In our experience, right hemicolectomy turned out to be the most challenging procedure. Irrespective of trocar and cart positioning, mobilization of the hepatic flexure and division of the greater omentum and the transverse mesocolon were time consuming, inconvenient and to a certain extent even risky. The lack of a robotically driven advanced energy device was the main reason—it compelled the bedside assistant to use a laparoscopic Ligasure through the assistant 12 mm port and the console surgeon was restricted to use two arms for traction and exposing anatomy. Depending on the body structure of the patient, especially in those tall and/or overweight, either the arm in the left or the arm in the right lower abdomen did not sufficiently reach the region of interest. Furthermore, the 0° camera sometimes offers insufficient view of the hepatic flexure. The 30° camera improved the view, but at the cost of increased collisions. In our opinion, Hugo RAS is currently feasible and safe to perform ileocoecal resection and standard right hemicolectomy mainly for benign findings or small malignant tumors in the caecum or proximal ascending colon. Extended oncologic complete mesocolic excision (CME) with a D3 lymph node dissection along the vessel wall should rather wait until the introduction of the wristed Hugo-Ligasure and upgraded 30° camera. We had the chance to test two working prototypes (straight and wristed ones) in a wet laboratory at ORSI, Melle, already a year ago. However, certification and market introduction are expected by early 2025.

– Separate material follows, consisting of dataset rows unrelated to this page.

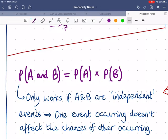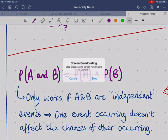This gives us the multiplication rule: the probability of event A occurring and event B occurring equals the probability of A times the probability of B. Just like the addition rule, this only works in certain situations — specifically when the events are independent, meaning one event occurring does not affect the chances of the other occurring. For example, one dice's result doesn't affect the other dice, and replacing the first token means the first pick doesn't affect the second pick.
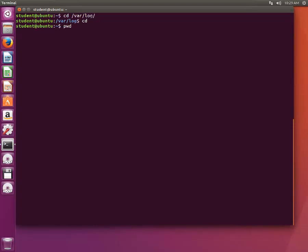If you type pwd, that means present working directory, we can see which directory we are in. We were in /var/log, now we are in /home/student, that is my home directory.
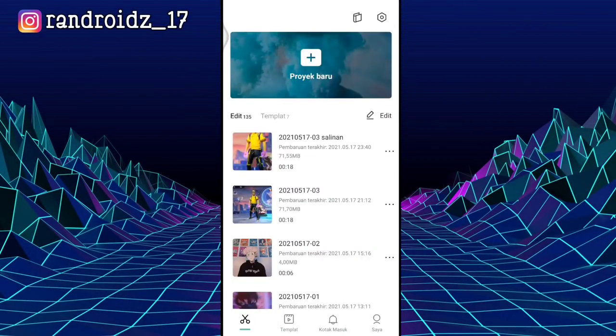Okay friends, to edit the video, here you only need CapCut's app. For the app, you can download it in the Play Store or through the link that I have already provided in the description of this video.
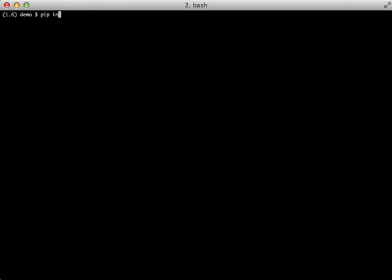Today we're going to look at ModelMommy for doing fixtures in our testing. The first thing we're going to do is install ModelMommy with pip install model_mommy.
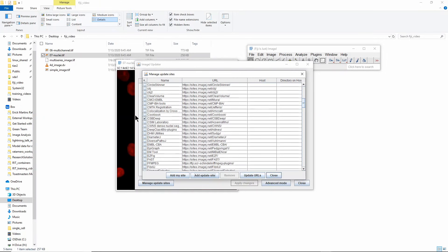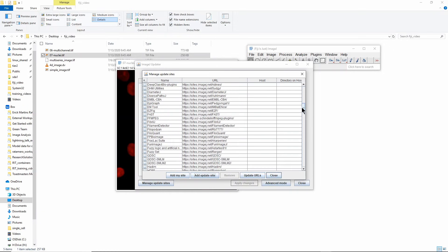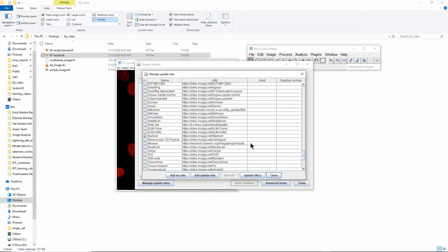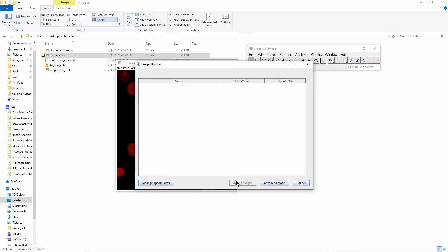To install StarDist what I did was I checked CSBDeep, which is a deep learning library from the CSBD in Dresden, and I checked StarDist. Close this and apply changes here and that's installed.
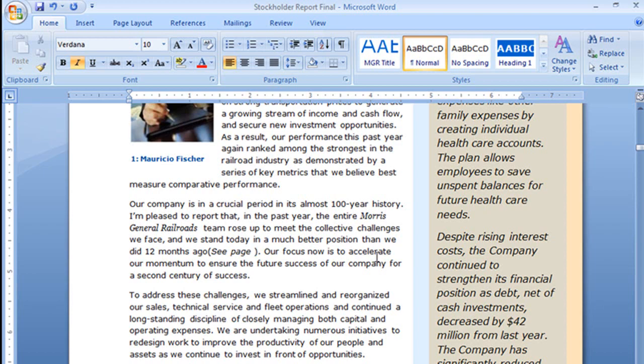Now I could simply type in the number 7 and then they would have to scroll down there and find it on their own, but by putting in a cross-reference, they'll be able to click on it and it'll take them right there.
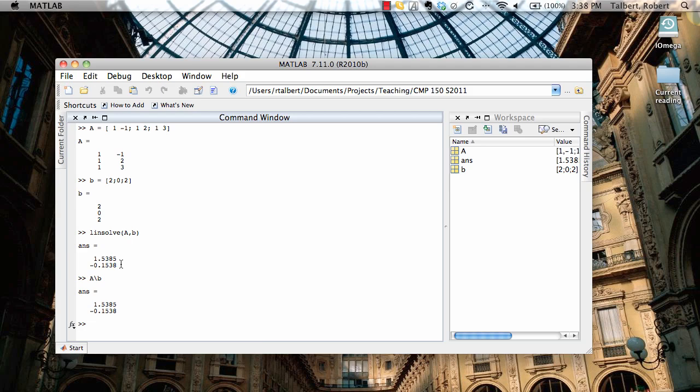But the thing is, you don't see that on the screen. It just gives you a solution. So it's always helpful to go back and check to make sure whether your answer is an exact solution or an approximate one. That's about all we have time for right now. Just a quick overview of how to set up systems in MATLAB and solve them using linsolve and the backslash operator. Thank you for watching.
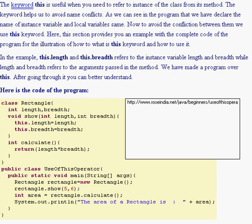On the screen you're probably looking at all this jumbo mumbo, and what that is basically is I found this on some website called roseindia.net/java/beginners/useofthisoperator.shtml. I have the link in the description and on your screen right now. So basically this explains what 'this' is.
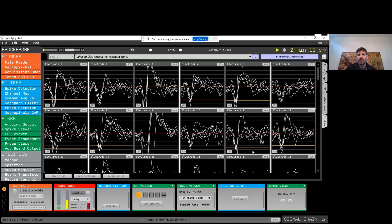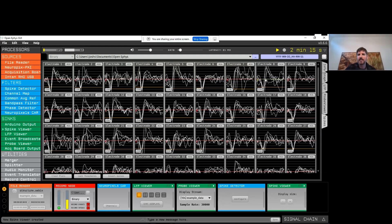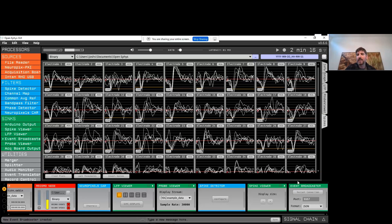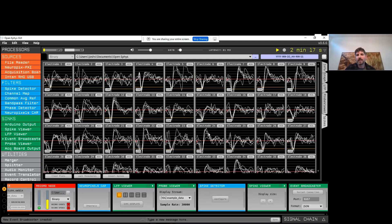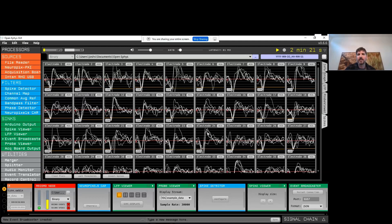We can scroll through a bunch of them or zoom out to view more simultaneously. The last thing I want to show is that there are a number of ways to get data out of OpenEphys software into other applications. One of the easiest ones for things like spikes is the event broadcaster — you can drop this into the signal chain and information about all these spikes will be available in whatever software you're using. You can use that for real-time decoding or custom visualizations in Python or MATLAB.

In conclusion, according to our initial experience, Hugo RAS can be successfully used to perform major colorectal surgery. Its open modular design offers flexibility and individual adjustments, as well as the high-quality magnified 3D imaging offers advantages in performing complex procedures and makes the platform an effective alternative to other established robotic systems. The continuous software updates together with the much-awaited introduction of an expanded palette of instruments such as a wristed vessel sealing device and improvements in the camera system will make Hugo RAS even more user-friendly and thus increase its use for complex procedures in general surgery.